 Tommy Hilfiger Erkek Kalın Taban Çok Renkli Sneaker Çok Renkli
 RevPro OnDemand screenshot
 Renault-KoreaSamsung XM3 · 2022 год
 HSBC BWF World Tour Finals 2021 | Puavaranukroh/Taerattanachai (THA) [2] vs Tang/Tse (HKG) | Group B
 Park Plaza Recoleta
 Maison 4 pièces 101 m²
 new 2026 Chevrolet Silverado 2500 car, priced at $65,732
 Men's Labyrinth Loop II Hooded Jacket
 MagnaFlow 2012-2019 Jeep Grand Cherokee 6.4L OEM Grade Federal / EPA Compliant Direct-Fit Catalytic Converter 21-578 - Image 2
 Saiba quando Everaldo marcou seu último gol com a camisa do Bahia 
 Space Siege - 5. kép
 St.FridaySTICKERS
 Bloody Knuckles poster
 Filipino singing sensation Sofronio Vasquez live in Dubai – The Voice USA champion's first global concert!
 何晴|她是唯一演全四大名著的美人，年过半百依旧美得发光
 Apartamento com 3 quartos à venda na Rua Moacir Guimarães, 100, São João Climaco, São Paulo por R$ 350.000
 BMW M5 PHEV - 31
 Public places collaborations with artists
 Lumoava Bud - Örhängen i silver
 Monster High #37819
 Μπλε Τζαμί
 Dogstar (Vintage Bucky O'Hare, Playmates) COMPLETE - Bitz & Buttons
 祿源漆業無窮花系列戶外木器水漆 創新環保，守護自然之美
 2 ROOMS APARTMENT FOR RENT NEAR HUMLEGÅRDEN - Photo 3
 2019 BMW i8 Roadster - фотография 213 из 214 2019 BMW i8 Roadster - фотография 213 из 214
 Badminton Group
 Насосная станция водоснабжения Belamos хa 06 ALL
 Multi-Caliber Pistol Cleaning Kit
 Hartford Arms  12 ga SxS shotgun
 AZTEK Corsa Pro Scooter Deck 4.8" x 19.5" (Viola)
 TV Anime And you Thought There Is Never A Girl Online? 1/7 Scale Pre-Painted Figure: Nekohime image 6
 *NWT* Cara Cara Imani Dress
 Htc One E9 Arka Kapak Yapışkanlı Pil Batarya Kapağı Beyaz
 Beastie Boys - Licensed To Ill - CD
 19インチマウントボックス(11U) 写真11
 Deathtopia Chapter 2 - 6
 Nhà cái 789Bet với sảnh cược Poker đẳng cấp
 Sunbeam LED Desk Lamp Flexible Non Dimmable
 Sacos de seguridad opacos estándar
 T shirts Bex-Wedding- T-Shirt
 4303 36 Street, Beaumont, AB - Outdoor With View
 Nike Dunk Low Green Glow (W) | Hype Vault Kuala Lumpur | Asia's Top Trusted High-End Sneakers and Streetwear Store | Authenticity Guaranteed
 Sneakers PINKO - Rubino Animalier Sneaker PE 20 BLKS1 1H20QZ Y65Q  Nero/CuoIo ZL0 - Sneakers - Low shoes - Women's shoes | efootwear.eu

——————————

→ **ASSIGNMENT**: The required output is an exact retyping of the lines from the one that contains "TV Anime And" through the last line of the material above.

→ **RESULT OF THE EXERCISE**:
 TV Anime And you Thought There Is Never A Girl Online? 1/7 Scale Pre-Painted Figure: Nekohime image 6
 *NWT* Cara Cara Imani Dress
 Htc One E9 Arka Kapak Yapışkanlı Pil Batarya Kapağı Beyaz
 Beastie Boys - Licensed To Ill - CD
 19インチマウントボックス(11U) 写真11
 Deathtopia Chapter 2 - 6
 Nhà cái 789Bet với sảnh cược Poker đẳng cấp
 Sunbeam LED Desk Lamp Flexible Non Dimmable
 Sacos de seguridad opacos estándar
 T shirts Bex-Wedding- T-Shirt
 4303 36 Street, Beaumont, AB - Outdoor With View
 Nike Dunk Low Green Glow (W) | Hype Vault Kuala Lumpur | Asia's Top Trusted High-End Sneakers and Streetwear Store | Authenticity Guaranteed
 Sneakers PINKO - Rubino Animalier Sneaker PE 20 BLKS1 1H20QZ Y65Q  Nero/CuoIo ZL0 - Sneakers - Low shoes - Women's shoes | efootwear.eu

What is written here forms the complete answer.